Digging in • 16 December 2009 • The SnowBlog
Digging in
Here's the sort of thing that annoys me: "Simon & Schuster, in tandem with other big houses, is trying to protect income from print books by delaying the publication of new ebooks by four or six months after release of the hardback editions."
It's from an article about the rise and rights of ebooks here. It's the notion of 'protecting income' that pushes my buttons. Yes, publishers must strive to make money, but they are not monarchs of the written word and they have no god-given right to charge a toll on the road between authors and readers. The market tolerates the cost that publishers add to the book supply-chain because they add even more value. In the past, it was almost impossible for an author to print and sell her books without involving a publisher. Publishers made the whole process happen. They were vital. But that's less true everyday. The gap between authors and readers gets smaller each year, with less of a need for publishers to bridge it.
So what publishers must do is rack their brains for ways to add more value to justify the costs they add - or they must dwindle. What they shouldn't do is make themselves the guardians of traditional revenue streams because that pits the middle against both ends. When a publisher takes a stand that doesn't help authors and isn't what the public are demanding, they create an incentive for the market to route around them. That's happening anyway and 'protecting income' only hastens it.
New channels often cannibalise old ones, so your choice is to do the canniblisation yourself (and hopefully retain a good chunk of your income) or to let someone else do it for you (and risk losing everything).

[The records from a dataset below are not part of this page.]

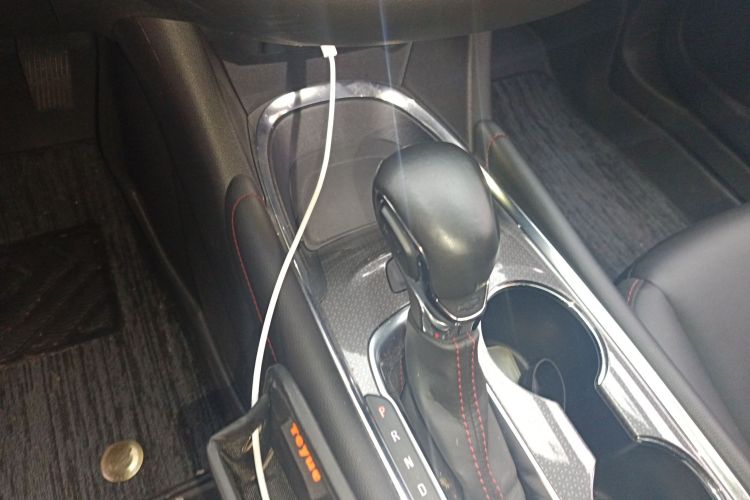 雪佛兰 迈锐宝XL 2022款 Redline 550T 自动锐动版中控内饰18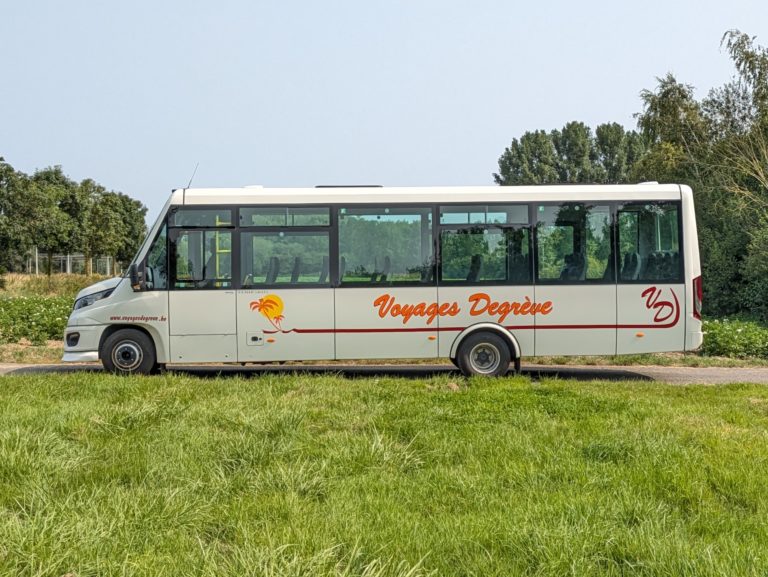 IVECO Feniksbus | 37 places
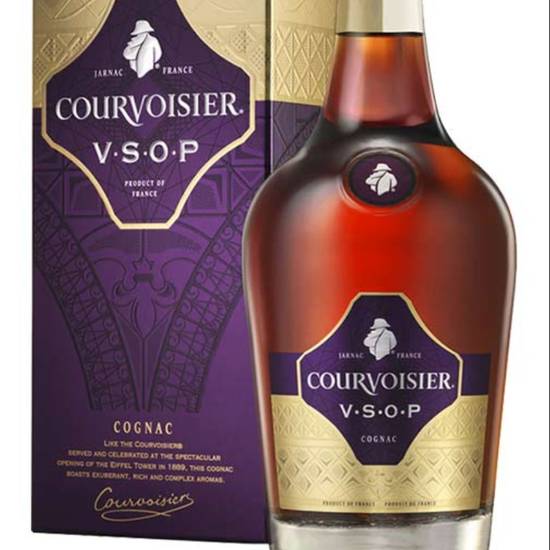 Order Courvoisier VSOP Cognac - 750ml food online from Rowland Heights Liquor store, Rowland Heights on bringmethat.com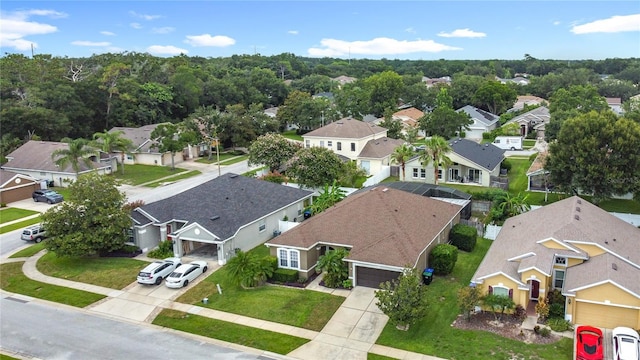 2421 Cimmaron Ash Way, Apopka, FL 32703 - aerial perspective of suburban area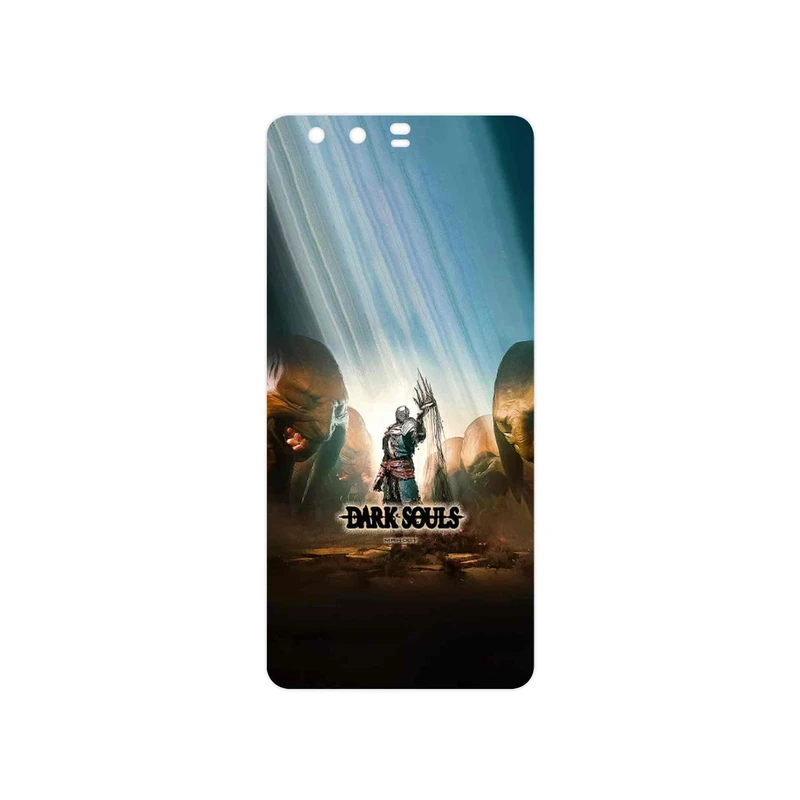 برچسب پوششی ماهوت مدل Dark Souls Game Series مناسب برای گوشی موبایل هوآوی P10 Plus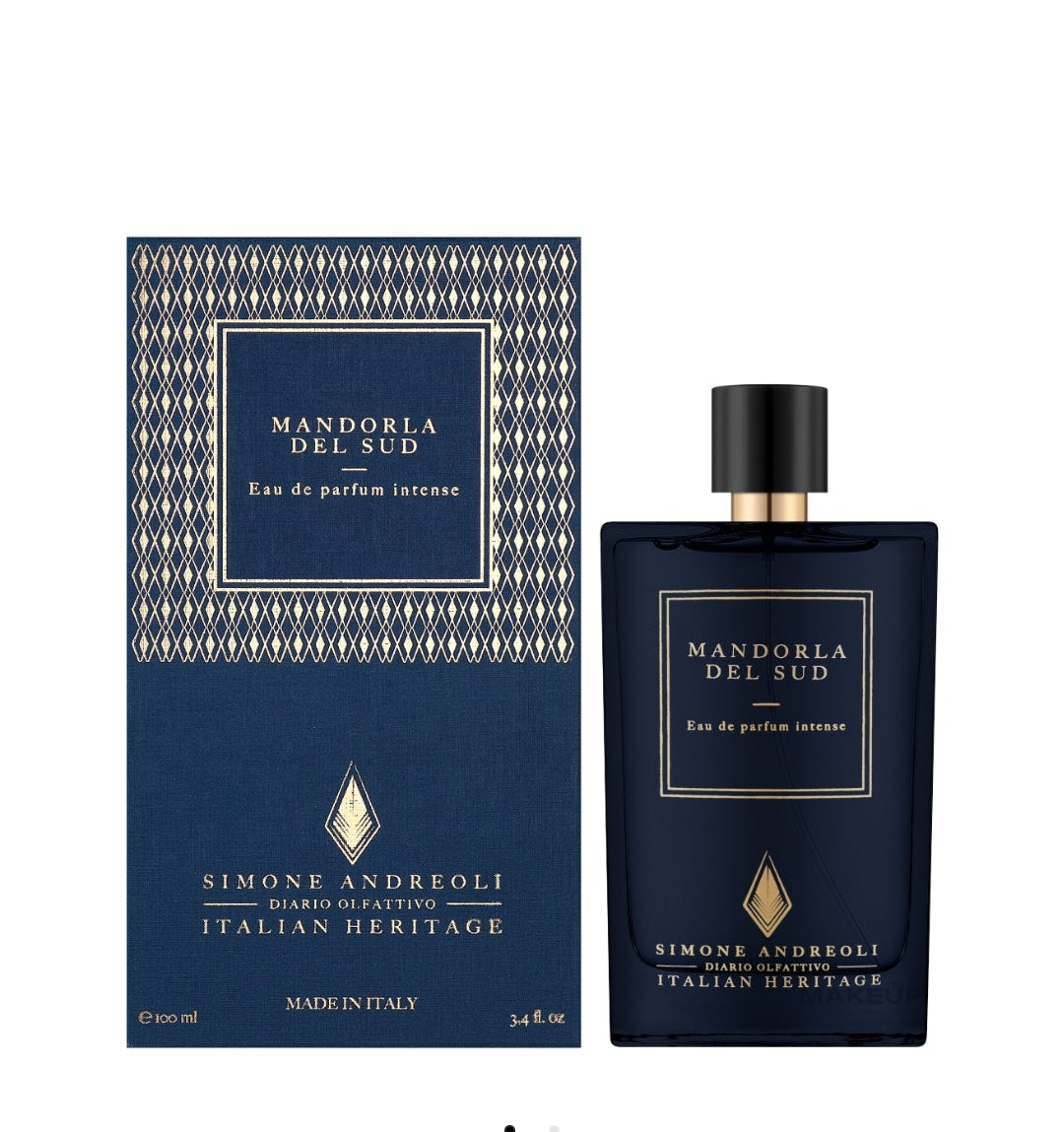 Simone Andreoli Mandorla Del Sud Eau de Parfum intense 100 ml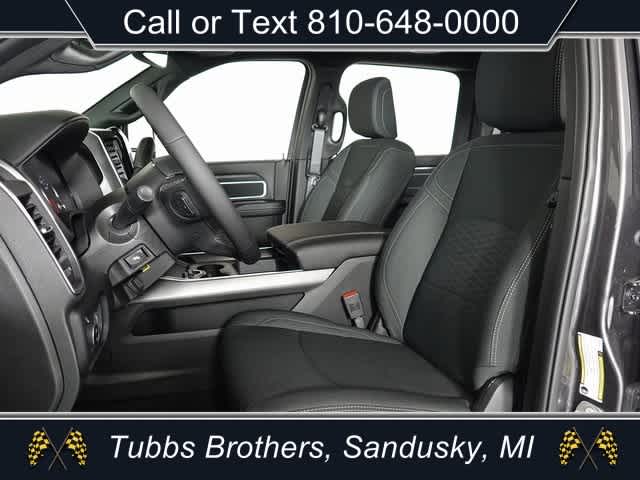 2025 RAM Ram 2500 RAM 2500 BIG HORN CREW CAB 4X4 6'4' BOX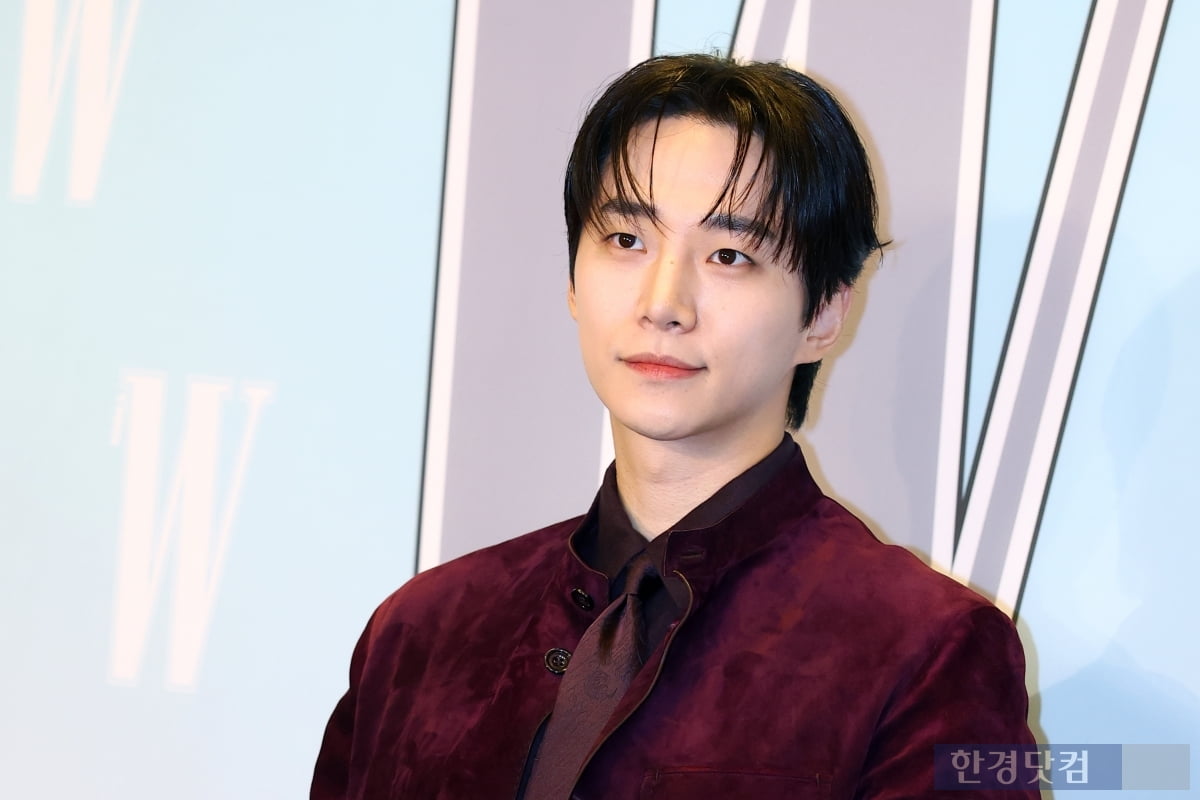 [포토] 이준호, '부드러운 미소에 심쿵'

You see it in all 'middlemen' content providers. Music companies never liked selling you downloads instead of CDs (so they put as many restrictions as possible on their use). Movie companies don't like selling you downloaded movies instead of shiny disks (so they make them evaporate after a few night's 'rental'). And many publishing companies would really prefer it if you smashed your Kindle and went back to paper.
Technology companies embrace this. They don't prevent you from buying this year's computer until all of last year's stocks have been sold. They find the newest, sexiest products and they try to make them unbearably desirable. Suddenly you're spending a fortune on things you didn't even know you needed three weeks ago. In other words, instead of 'protecting income' they create and then fulfil new demand. And publishers need to learn those lessons. They need to let go of the idea that sustainable profit comes from charging extra for wibalin.